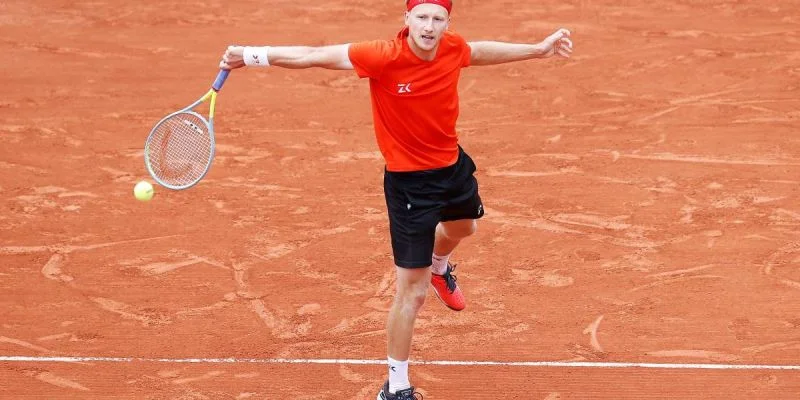 Зденек Колар - Уго Гастон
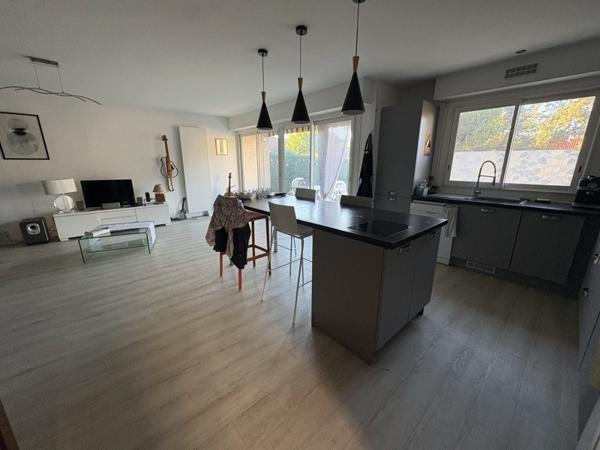 Maison à louer 1 450 € CC Pessac 4 p 88 m² DPE B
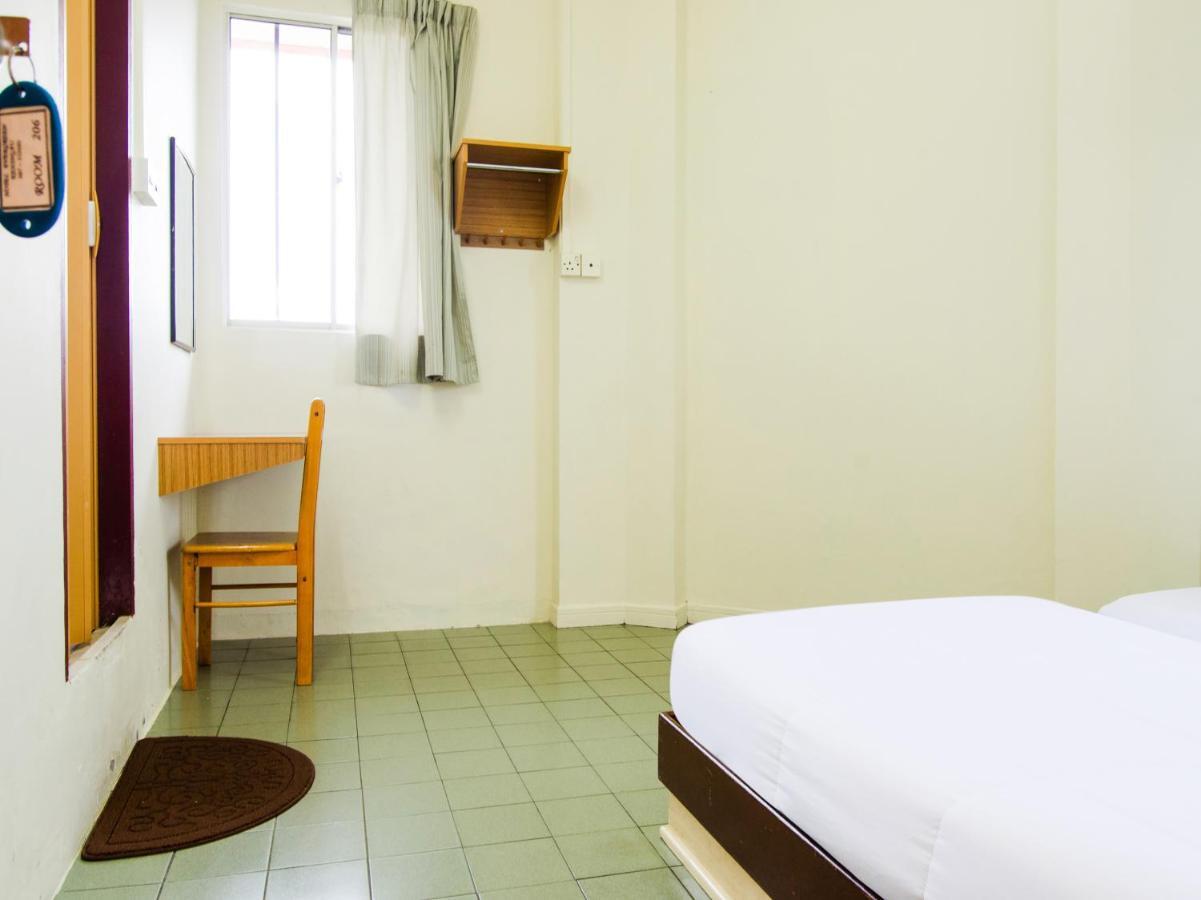 Spot On 89582 Evergreen Hotel Keningau Exterior photo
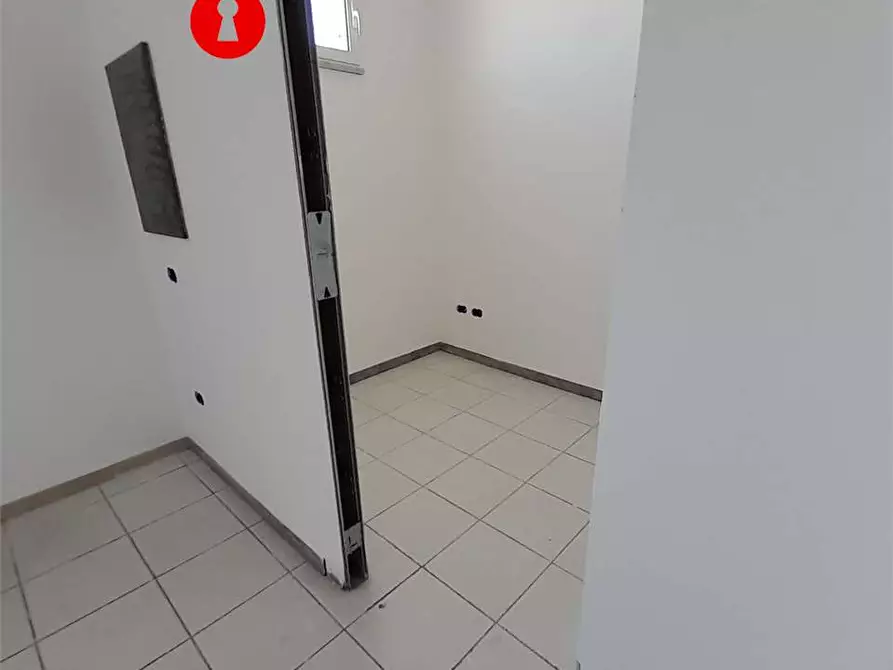 Immagine 12 di Ufficio in affitto  in Zona Asi a Nola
━━━━━━━━━━━━━━━━━━━━
## Task goal
Pictures aside, reproduce all of the material above without alteration.

## Result of this exercise
 Зденек Колар - Уго Гастон
 Maison à louer 1 450 € CC Pessac 4 p 88 m² DPE B
 Spot On 89582 Evergreen Hotel Keningau Exterior photo
 Immagine 12 di Ufficio in affitto  in Zona Asi a Nola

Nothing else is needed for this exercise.